I had something similar with my own parents; my mother was hell-bent to keep dad at home. For her it was a combination of societal/dad's brother's expectations that a wife would "take care of her own". She also was very mindful that placement had the potential to impoverish her as dad had squandered much of their nest egg earlier in the disease. But she was miserable, the relentless nature of caregiving prevented her from taking care of her own health and given dad's personality he wasn't willing to accept care from her most days.

I had to advocate strongly for placement. She was ready to cry "uncle", she just needed someone to tell her she wasn't a monster and that it was possible he'd get better care from a professional team that was well rested.

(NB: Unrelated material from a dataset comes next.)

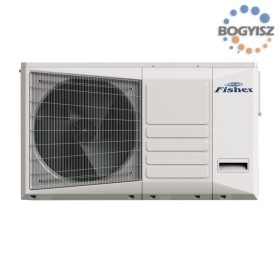   FISHER E-HEATR FHF-MBWHS-060CE3 1 FÁZISÚ MONOBLOKKOS LEVEGŐ-VÍZ HŐSZIVATTYÚ / 6 KW / R32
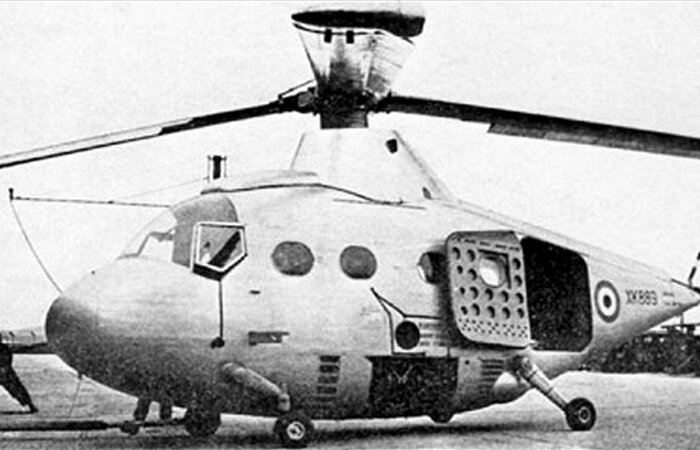 Percival P.74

FTR- the MC staff was wonderful with him and he cooperated taking his meds, showering and eating. I did all of the planning to make the move possible; there is no way I would have stepped in as hands-on caregiver, so I had a shovel-ready Plan B in my back pocket if there had been a crisis sooner. In retrospect, I wish I had pushed harder and sooner.

HB

loveskitties

As for medications, can you write on the lid of the bottle the times she is to get the meds?  Then if you are there or not dad will know what times.  Might be easier for dad than getting out the sheet.